* [Try it] In the material below, pictures must be dropped. Repeat exactly, and only, the lines from the line with "Rule 34 | 1boy, 2girls, androgynous, between" to the line with "Aquamarine Crystal Coffee", both ends included.

* [Data for analysis]
○ ○ ○

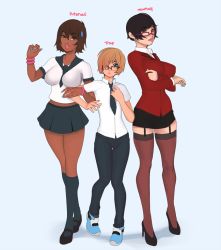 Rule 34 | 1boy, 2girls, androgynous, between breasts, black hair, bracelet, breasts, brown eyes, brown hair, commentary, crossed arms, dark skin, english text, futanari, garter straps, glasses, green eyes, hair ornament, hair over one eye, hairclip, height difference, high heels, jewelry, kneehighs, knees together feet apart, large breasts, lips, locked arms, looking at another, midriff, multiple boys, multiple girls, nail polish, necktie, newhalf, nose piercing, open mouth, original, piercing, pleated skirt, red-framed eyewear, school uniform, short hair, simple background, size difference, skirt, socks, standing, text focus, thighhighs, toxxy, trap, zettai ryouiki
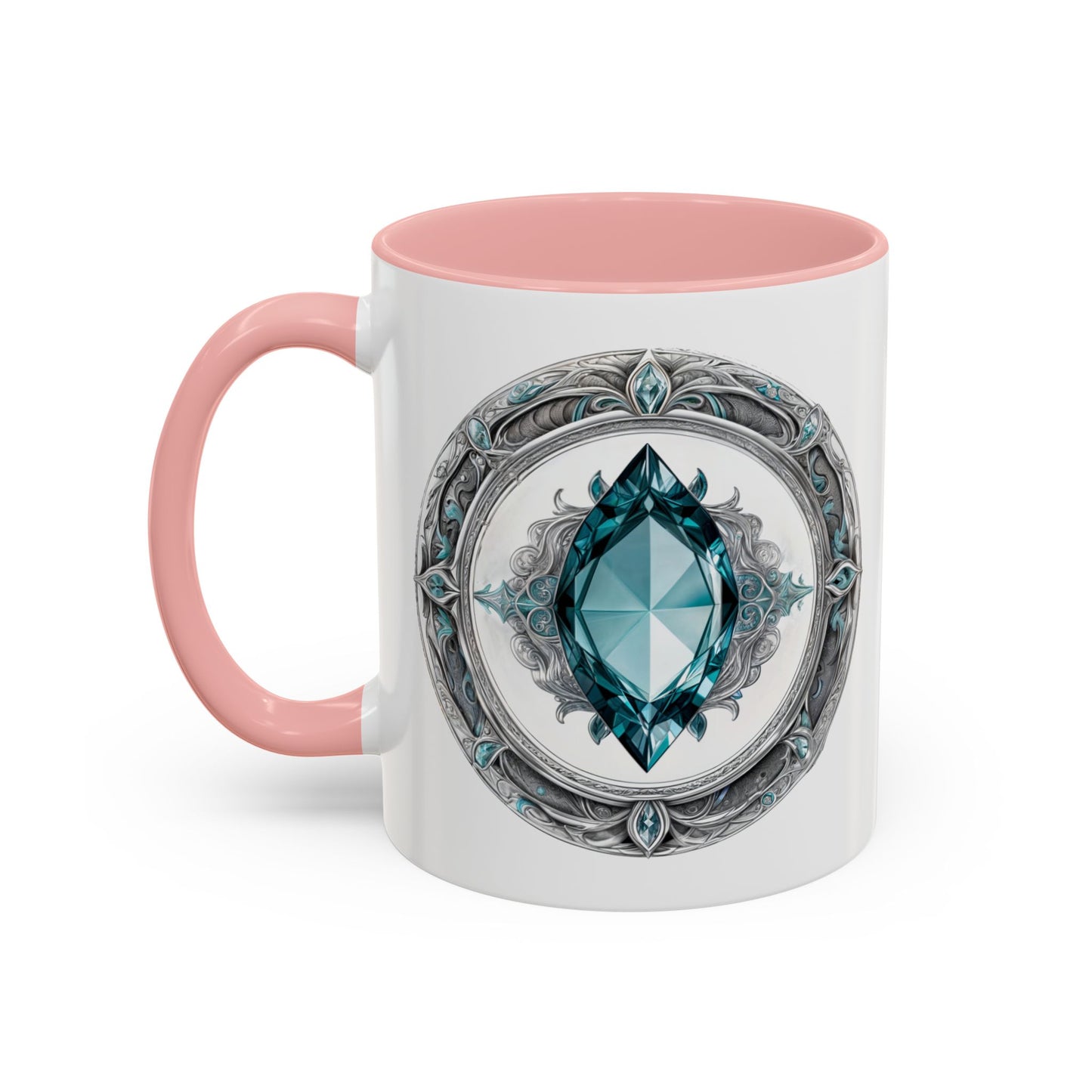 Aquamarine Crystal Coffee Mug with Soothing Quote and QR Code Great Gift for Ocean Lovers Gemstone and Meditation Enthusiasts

○ ○ ○

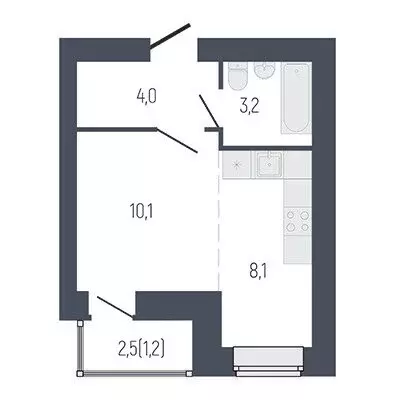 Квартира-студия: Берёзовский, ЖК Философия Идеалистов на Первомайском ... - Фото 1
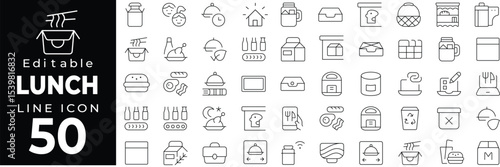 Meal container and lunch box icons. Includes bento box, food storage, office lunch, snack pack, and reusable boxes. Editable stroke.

○ ○ ○

* [Result for this task]
 Rule 34 | 1boy, 2girls, androgynous, between breasts, black hair, bracelet, breasts, brown eyes, brown hair, commentary, crossed arms, dark skin, english text, futanari, garter straps, glasses, green eyes, hair ornament, hair over one eye, hairclip, height difference, high heels, jewelry, kneehighs, knees together feet apart, large breasts, lips, locked arms, looking at another, midriff, multiple boys, multiple girls, nail polish, necktie, newhalf, nose piercing, open mouth, original, piercing, pleated skirt, red-framed eyewear, school uniform, short hair, simple background, size difference, skirt, socks, standing, text focus, thighhighs, toxxy, trap, zettai ryouiki
 Aquamarine Crystal Coffee Mug with Soothing Quote and QR Code Great Gift for Ocean Lovers Gemstone and Meditation Enthusiasts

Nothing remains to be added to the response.